**Exercise prompt**.
Output the line containing "Photo of 2231" and each line after it through the end of the data, exactly as written, with pictures left out.

**Dataset extract**.
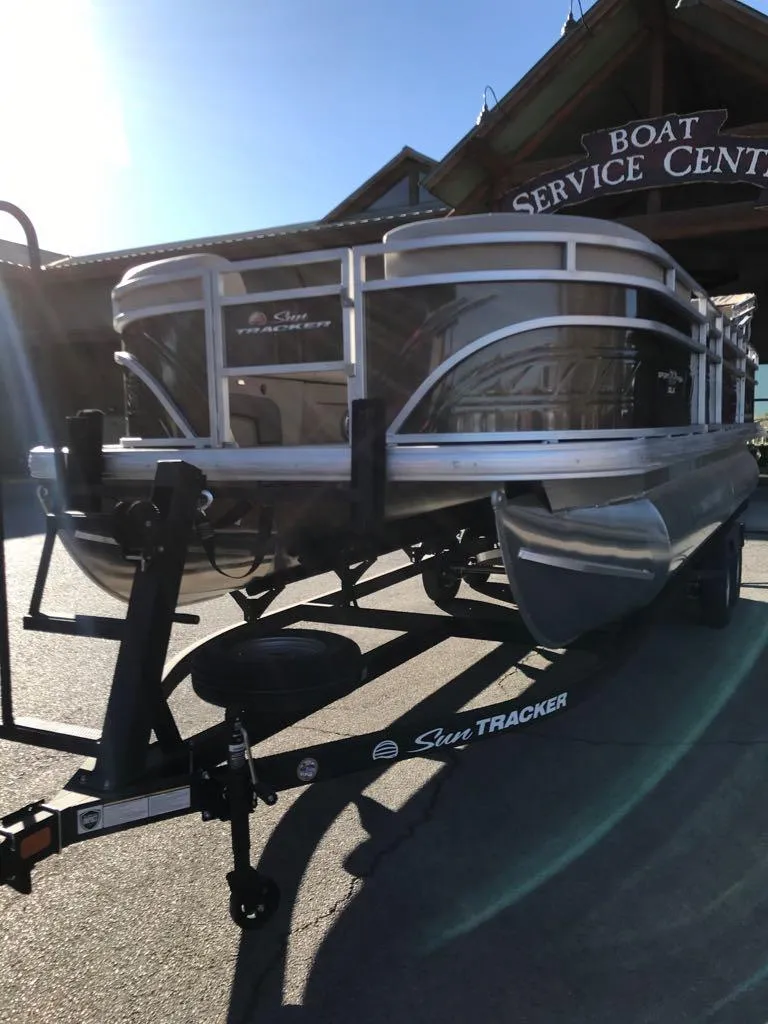 Slide: The Image of 2025 Sun Tracker SportFish 22 DLX pontoon boat at service center. - 2
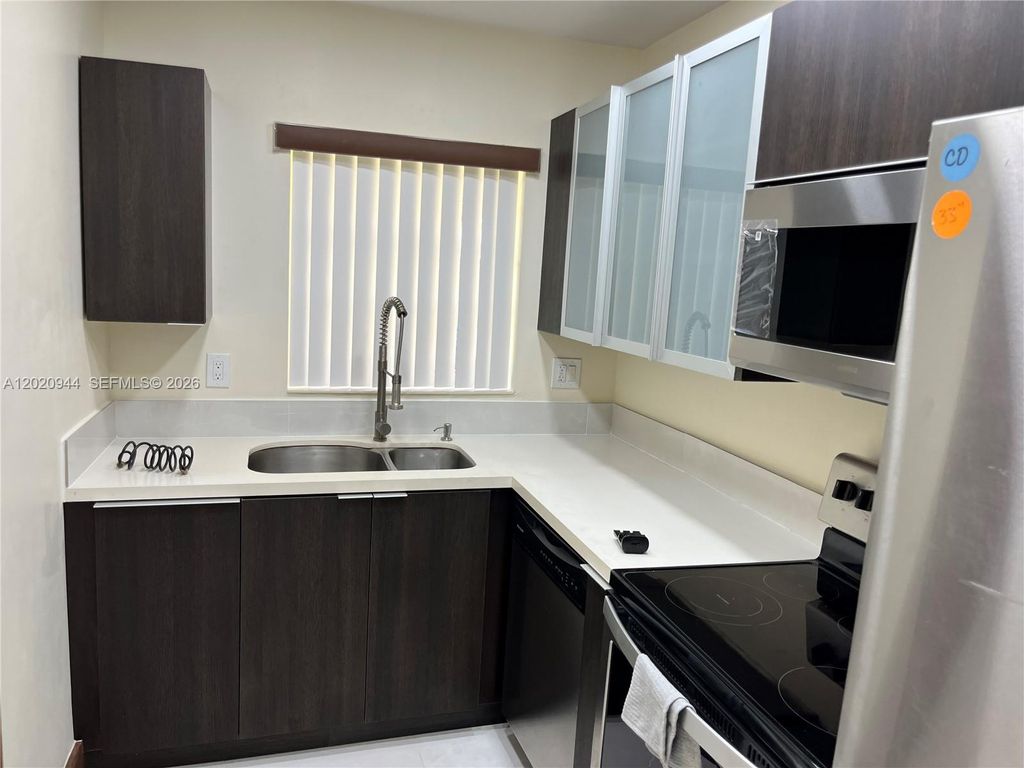 Photo of 2231 NW 9th Pl #H, Fort Lauderdale, FL 33311 (MLS # A12020944)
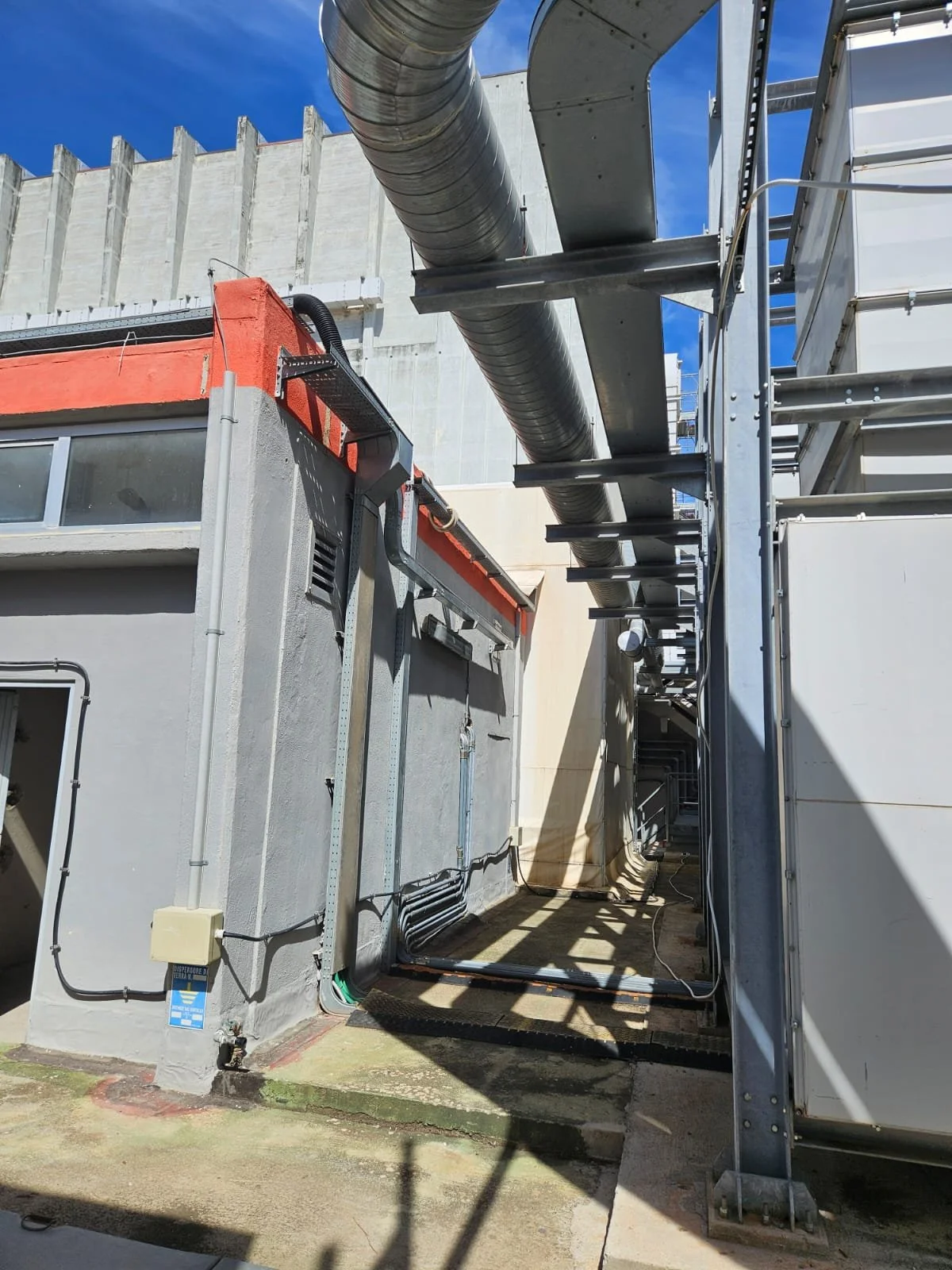 Immagine di un'area esterna di un edificio industriale con tubi metallici e strutture in metallo, ombreggiatura sul pavimento e un cielo sereno.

**Answer section**.
 Photo of 2231 NW 9th Pl #H, Fort Lauderdale, FL 33311 (MLS # A12020944)
 Immagine di un'area esterna di un edificio industriale con tubi metallici e strutture in metallo, ombreggiatura sul pavimento e un cielo sereno.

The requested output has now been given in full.